Question	If Yes → Consider Fault Grading
Is ATPG coverage below target?	✅
Are functional patterns already available?	✅
Is the design complex or hierarchical?	✅
Are you targeting low DPM or high quality?	✅
Do you have scan-excluded or graybox IPs?	✅
Are you seeing fault escapes in silicon?	✅

Table 1: Reasons for including fault grading in your methodology.

Choosing the right tools for fault grading

The choice between formal verification, simulation, and emulation for fault grading depends on the design size, test goals, and available resources. Formal fault grading is best suited for small to medium-sized blocks, especially when verifying control logic or safety-critical paths. It allows for exhaustive analysis without requiring test vectors and can mathematically prove whether faults are always detected or never activated. However, it doesn’t scale well to large designs and is limited in scope.

Simulation-based fault grading is ideal when functional patterns—such as boot tests, loopback tests, or integrity checks—are already part of the validation flow. It enables realistic fault activation and observation using actual stimuli, making it effective for analyzing non-capture patterns and graybox IPs. While it offers flexibility and good fault model support, it can be time-consuming for large designs or extensive pattern sets.

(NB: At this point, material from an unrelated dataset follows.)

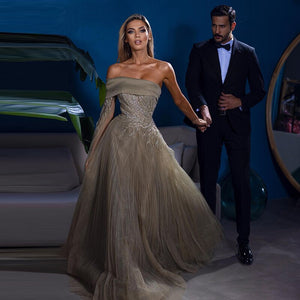 "Channel your inner princess with our Robe Rafaela! This ball gown dress will make you feel like royalty with its regal design and flattering silhouette. Say goodbye to ordinary dresses and hello to your fairytale moment!"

Emulation-based fault grading is the preferred method for large-scale designs or long-running functional tests that are impractical to simulate. It provides high-speed fault analysis in real-time or near real-time environments, making it suitable for system-level validation and software-driven tests. Although it requires specialized infrastructure and more complex setup, it significantly accelerates fault grading for full-chip scenarios. Table 2 provides a summary for deciding the best method/tool type for fault grading.


Method	Best For	Scale	Speed	Setup Complexity
Formal	Small blocks, control logic	Low	Fast	Low
Simulation	Functional pattern analysis	Medium	Moderate	Moderate
Emulation	Full-chip, long tests	High	Fast	High

Table 2: Decision guide for choosing fault grading tool.

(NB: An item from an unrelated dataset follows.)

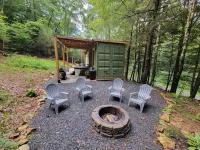 Book Your Adventure Getaway at our Container Cabin near New River Gorge ワイルダーネスのホテル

Choosing the right simulator for fault grading

When choosing a fault simulator, it’s crucial to consider several key capabilities that can significantly improve your chances of success. The simulator should be flexible enough to work with various testbench types, whether you’re using native Verilog/SystemVerilog or UVM-based testbenches, and support multiple input waveform file formats to easily integrate with your existing workflow.

The flexibility to choose stimulus from RTL or gate-level simulations improves the chances of finding the right kind of stimulus. Finally, a simulator that supports a distributed computing framework capable of handling multiple fault scenarios simultaneously is important, as this will be key to maintaining efficiency as your testing needs grow.

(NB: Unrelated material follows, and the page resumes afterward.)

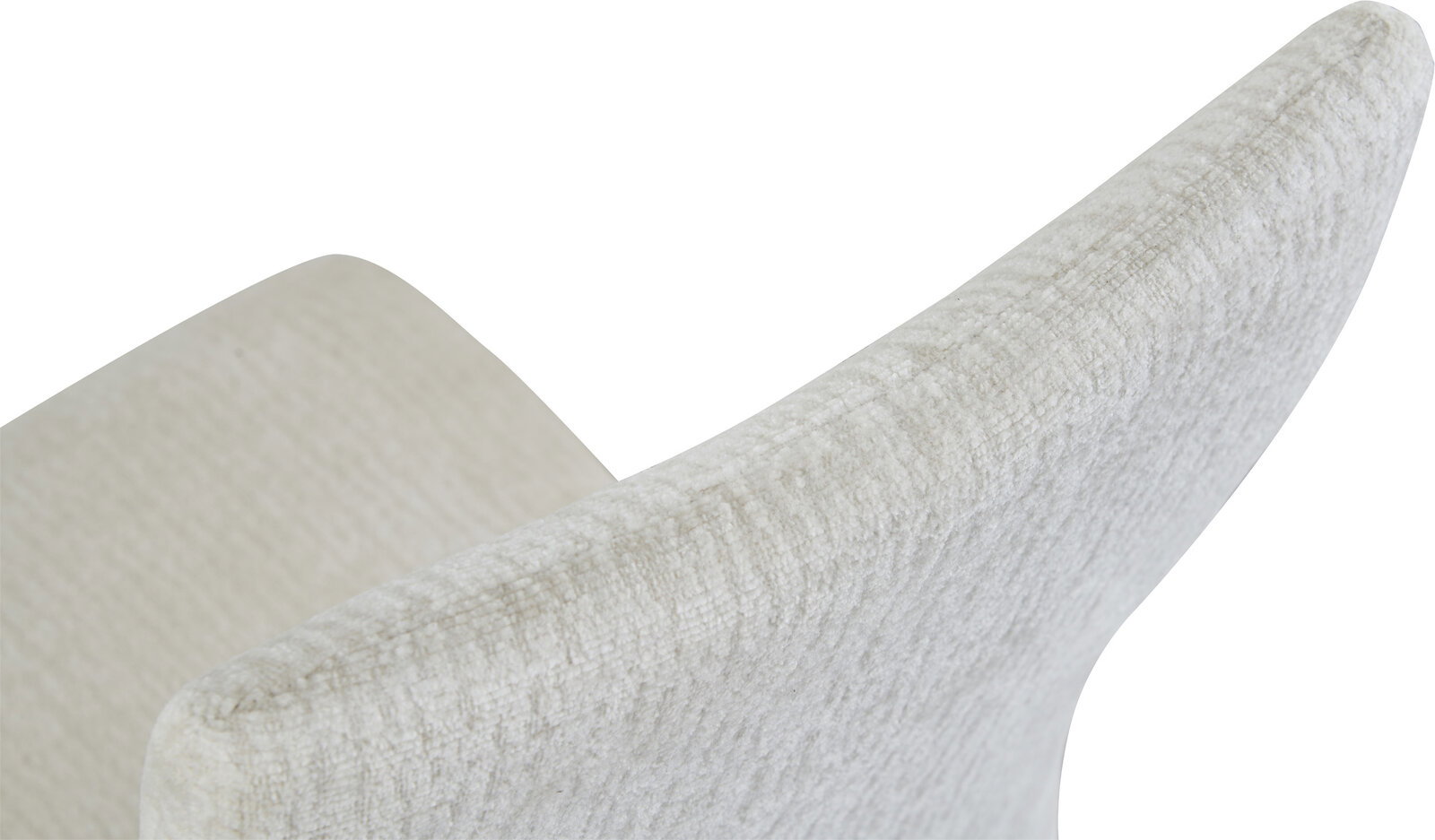 Nahaufnahme eines hellbeigen, gepolsterten Sessels mit geschwungener Rückenlehne und strukturierter Stoffoberfläche, schräg von hinten/seitlich fotografiert vor weißem Hintergrund.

The ability to perform fault grading using both RTL and GL stimulus files enables DV and DFT teams to work in parallel, significantly accelerating IC development. Instead of waiting for GL models, DFT engineers can begin fault analysis early using RTL stimulus, while DV engineers continue their functional verification. By overlapping these traditionally sequential activities, teams can identify and resolve both functional and testability issues sooner, ultimately shortening the overall IC development cycle and improving design quality.

As DV engineers complete their verification cycles and achieve code coverage closure, they can perform stimulus grading against specific fault lists. The simulator performs comprehensive analysis by verifying fault controllability and observability, determining optimal fault injection timing, and tracing fault propagation through the design structure. The simulator monitors fault propagation to observation points and classifies faults according to specific categories.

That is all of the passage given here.